The general look and feel will be familiar to anyone who has used one of Roku’s boxes. Almost all 1,700 channels available through a standard Roku are available on the TVs, with the exception of WatchESPN and Watch Disney. (Roku couldn’t reach a distribution deal with Disney (DIS) for the new devices.) Smartphone apps allow people to pull up Netflix (NFLX) or YouTube (GOOG) videos on their phones and play them through the new TVs, so long as the devices are on the same wireless network.
Smart TVs have been a hard sell, which is odd when you consider that most people in the entertainment industry tell you they represent the future. It’s not that smart TVs haven’t made it into the wild. More than 63 percent of households with broadband connections had at least one TV that connected to the Internet early in 2014, up 10 percent from the year before, according to the Diffusion Group. Michael Gerson, Diffusion’s president, says he’s not sure how much the devices have been changing people’s behavior. In other words, manufacturers are adding Internet connectivity to televisions, but not in a way that inspire people to make much use of it.
Roku would seem well-positioned to change that. Its boxes are the biggest dedicated media-streaming devices in the U.S., accounting for 44 percent of the industry’s sales, according to Parks Associates. Apple TVs (AAPL) made up 26 percent of sales. Roku owners are also more likely than Apple TV owners to use their devices for over-the-top services such as Netflix. Televisions potentially hold greater appeal because they integrate the cable and Internet viewing experiences. On the other hand, it’s a bigger hassle to replace a TV once the software goes out of date, or the processor becomes obsolete within 18 months of the initial purchase. Roku says it will update the software regularly, but the company acknowledges that it can’t do much about the inevitable physical obsolescence of its machines.

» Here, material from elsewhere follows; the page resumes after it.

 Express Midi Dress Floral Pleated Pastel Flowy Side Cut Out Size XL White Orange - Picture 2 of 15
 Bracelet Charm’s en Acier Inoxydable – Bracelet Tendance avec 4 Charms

Unlike Apple, which has been rumored for years to be preparing to manufacture televisions, Roku is satisfied to be the software provider for smart TVs. It makes more sense for companies such as Hisense and TCL to team up with it than to design their own operating systems; neither has Roku’s software expertise or relationships with content companies. In exchange, Roku is sacrificing its distinctive design and name recognition in the U.S. To most Americans, a Hisense TV will look and sound like the generic brand.

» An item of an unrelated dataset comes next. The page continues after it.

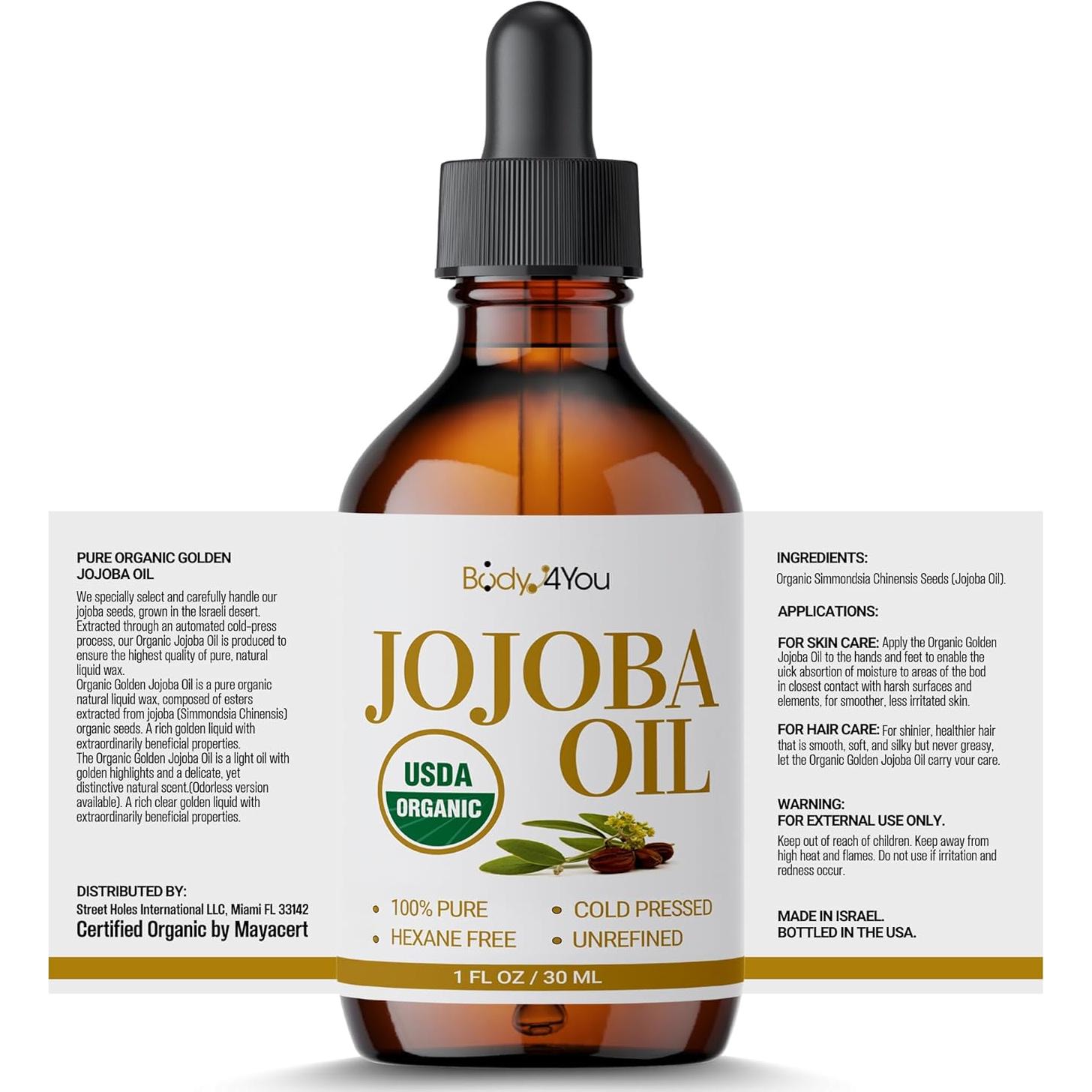 Aceite de Jojoba Orgánico BodyJ4You 29.57 ml - Hidratante Natural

They’re priced that way, too. While neither Roku partners is a household name in the U.S., TCL is the world’s third-largest TV manufacturer, and Hisense is sixth. They can turn this scale into cheap, cheap televisions. Hisense says it isn’t setting a price on the televisions—it will let the retailers decide—but expects its smart TVs to fetch less than the combined price of a standard TV and a separate Roku box. TCL’s version ranges from $230 for a 32-inch model to $650 for a 55-inch version. When asked how they’ll distinguish themselves in the U.S. market, the two companies give almost identical answers, citing such things as vertical integration and factories conveniently located in northern Mexico.
Both companies already make smart TVs, but their executives haven’t been impressed by the efforts. Chris Larson of TCL says that until now, the industry has handled Internet connectivity in the same way it treated 3D: as features added to drive up device prices, even if consumers didn’t want them. “If you look at any smart TV on the market, including ours, it’s a dysfunctional experience,” he says.